■ What this task involves: Reproduce exactly the lines that run from the start of the records below to the line with "Group of Hamlet's", inclusive.
____
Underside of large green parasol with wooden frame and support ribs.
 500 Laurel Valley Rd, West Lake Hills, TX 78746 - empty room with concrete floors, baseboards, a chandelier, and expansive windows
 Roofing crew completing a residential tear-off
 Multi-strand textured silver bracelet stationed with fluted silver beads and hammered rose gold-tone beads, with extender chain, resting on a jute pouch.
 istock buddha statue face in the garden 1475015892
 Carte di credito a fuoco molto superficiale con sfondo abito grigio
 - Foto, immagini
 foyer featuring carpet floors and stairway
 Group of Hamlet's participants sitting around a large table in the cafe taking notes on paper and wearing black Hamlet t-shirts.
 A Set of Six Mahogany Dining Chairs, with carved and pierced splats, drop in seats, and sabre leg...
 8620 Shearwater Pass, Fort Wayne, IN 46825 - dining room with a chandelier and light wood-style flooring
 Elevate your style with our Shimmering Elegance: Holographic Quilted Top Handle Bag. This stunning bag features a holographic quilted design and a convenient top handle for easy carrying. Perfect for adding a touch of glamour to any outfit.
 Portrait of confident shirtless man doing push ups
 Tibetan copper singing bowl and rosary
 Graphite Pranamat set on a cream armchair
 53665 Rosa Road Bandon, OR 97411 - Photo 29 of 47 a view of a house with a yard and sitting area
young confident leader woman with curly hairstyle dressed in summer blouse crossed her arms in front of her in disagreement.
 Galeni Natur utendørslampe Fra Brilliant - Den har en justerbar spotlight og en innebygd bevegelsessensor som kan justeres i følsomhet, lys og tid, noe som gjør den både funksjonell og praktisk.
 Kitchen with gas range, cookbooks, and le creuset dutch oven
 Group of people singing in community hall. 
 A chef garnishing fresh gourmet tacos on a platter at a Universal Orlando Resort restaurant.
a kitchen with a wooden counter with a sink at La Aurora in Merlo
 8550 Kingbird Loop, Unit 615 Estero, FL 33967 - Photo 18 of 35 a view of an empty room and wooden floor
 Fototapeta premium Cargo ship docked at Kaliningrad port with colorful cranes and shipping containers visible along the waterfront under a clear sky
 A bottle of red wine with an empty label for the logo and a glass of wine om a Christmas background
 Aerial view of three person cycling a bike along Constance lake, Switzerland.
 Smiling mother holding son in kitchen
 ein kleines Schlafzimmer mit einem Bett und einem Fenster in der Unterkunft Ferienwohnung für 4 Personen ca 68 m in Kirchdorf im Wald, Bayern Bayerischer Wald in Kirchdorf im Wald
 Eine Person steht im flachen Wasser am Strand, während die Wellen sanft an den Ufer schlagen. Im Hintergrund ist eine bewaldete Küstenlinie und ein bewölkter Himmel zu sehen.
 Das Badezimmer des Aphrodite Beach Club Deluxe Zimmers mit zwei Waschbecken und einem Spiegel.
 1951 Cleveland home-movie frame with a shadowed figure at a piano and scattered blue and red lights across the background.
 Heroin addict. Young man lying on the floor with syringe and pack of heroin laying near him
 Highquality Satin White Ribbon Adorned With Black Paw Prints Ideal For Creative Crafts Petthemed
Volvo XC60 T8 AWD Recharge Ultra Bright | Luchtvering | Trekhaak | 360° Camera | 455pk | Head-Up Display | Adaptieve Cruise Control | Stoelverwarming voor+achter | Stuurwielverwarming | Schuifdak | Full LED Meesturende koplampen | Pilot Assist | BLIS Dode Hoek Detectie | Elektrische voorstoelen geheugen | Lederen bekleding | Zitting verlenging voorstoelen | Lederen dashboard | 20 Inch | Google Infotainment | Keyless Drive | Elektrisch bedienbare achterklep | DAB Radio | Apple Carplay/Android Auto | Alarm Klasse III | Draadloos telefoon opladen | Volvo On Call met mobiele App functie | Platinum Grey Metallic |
____
■ Answer box:
Underside of large green parasol with wooden frame and support ribs.
 500 Laurel Valley Rd, West Lake Hills, TX 78746 - empty room with concrete floors, baseboards, a chandelier, and expansive windows
 Roofing crew completing a residential tear-off
 Multi-strand textured silver bracelet stationed with fluted silver beads and hammered rose gold-tone beads, with extender chain, resting on a jute pouch.
 istock buddha statue face in the garden 1475015892
 Carte di credito a fuoco molto superficiale con sfondo abito grigio
 - Foto, immagini
 foyer featuring carpet floors and stairway
 Group of Hamlet's participants sitting around a large table in the cafe taking notes on paper and wearing black Hamlet t-shirts.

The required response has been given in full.